Article Details
Vol. 5 No. 4 (2026): April
How Ambidextrous Capability Drives Innovation: A Sequential Mediation Model
Purpose: This study analyzes the influence of ambidextrous organizational capability on innovation performance. It specifically tests the sequential mediation of absorptive capacity and leadership knowledge in this relationship.
Methodology: A quantitative approach was employed, using Structural Equation Modeling with Partial Least Squares (SEM-PLS). Data were collected through surveys from 205 knowledge-intensive firms in Indonesia. The analysis assessed both direct effects and sequential mediation pathways.
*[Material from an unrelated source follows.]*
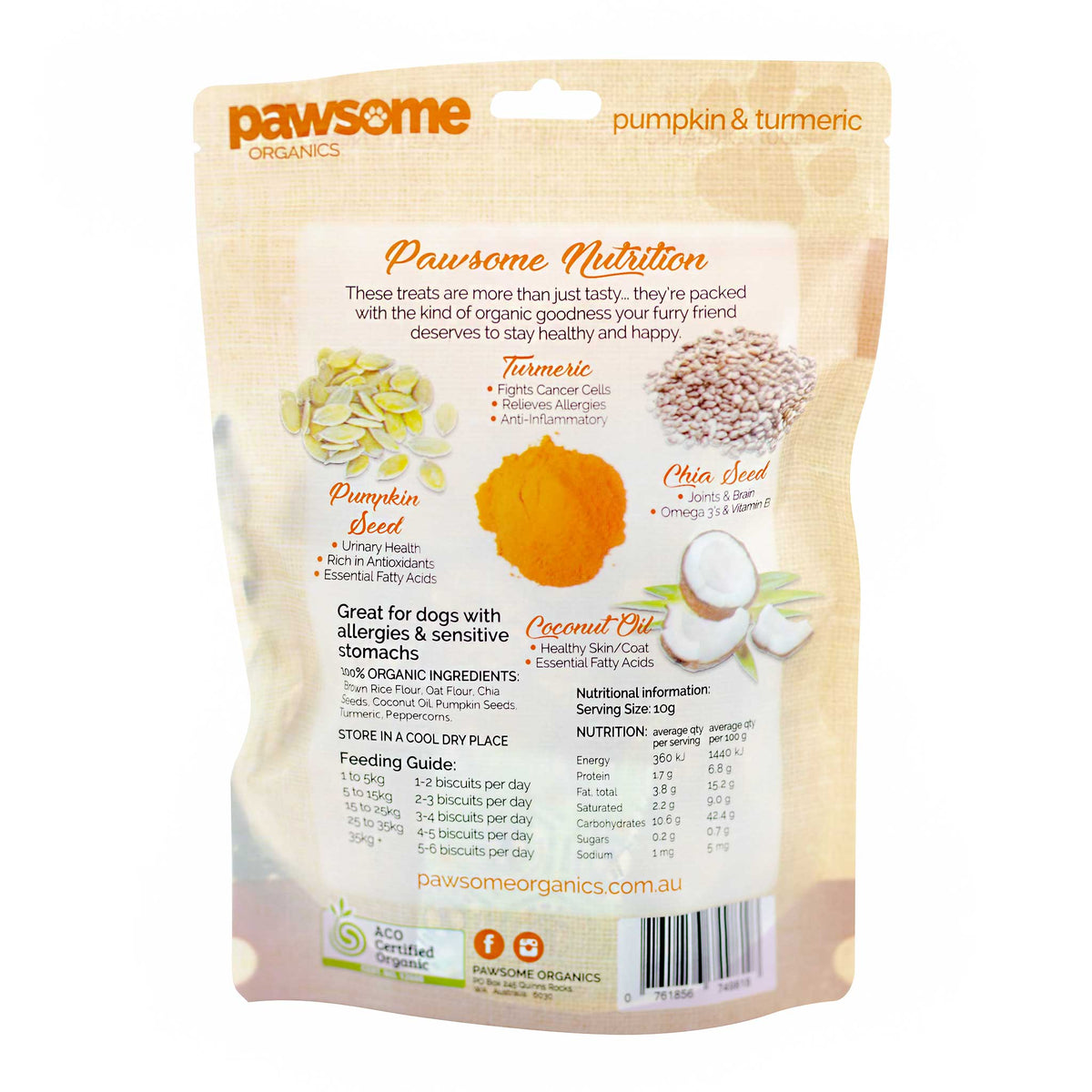 Pawsome Organics Pumpkin &amp; Turmeric Dog Treats 200g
Results: The findings confirm that ambidextrous organizational capability has a strong positive effect on innovative performance. Crucially, absorptive capacity and leadership knowledge sequentially mediate this relationship. The model explains substantial variance in the endogenous variables, confirming the robustness of the proposed framework.
Conclusions: The study concludes that ambidextrous capability enhances innovation not only directly but also by first building the organization's absorptive capacity, which in turn develops leadership knowledge, ultimately driving innovative performance.
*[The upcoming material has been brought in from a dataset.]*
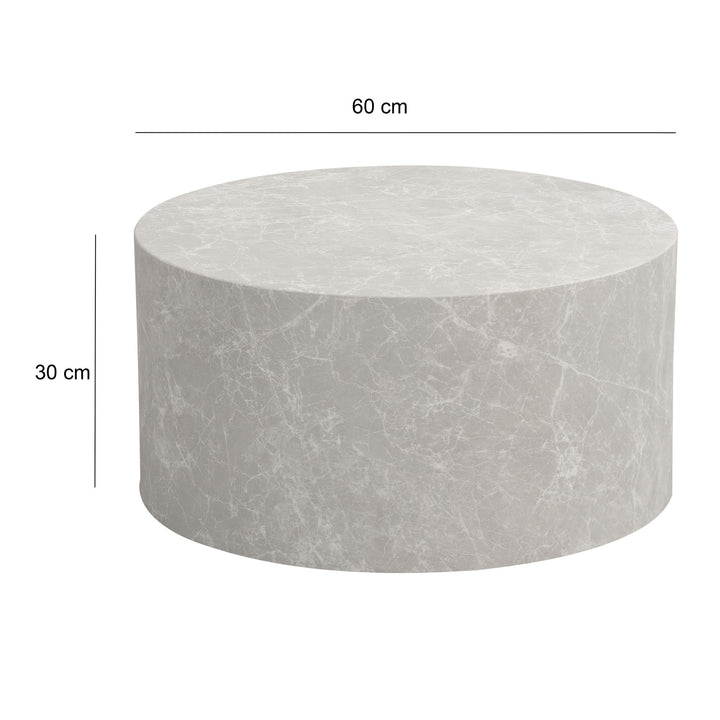 Sofabord 60x60x30 cm i sandfarvet stenlook, rundt design sofabord, beige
Limitations: The main limitations are the cross-sectional data, which prevents causal inference, and the reliance on perceptual measures, which may be subject to common method bias. The study also does not account for all industry-specific factors.
Contributions: Theoretically, this study validates a sequential mediation model in the innovation value chain. Practically, it provides managers with a roadmap for leveraging ambidextrous strategies through knowledge absorption and leadership development to foster this innovation.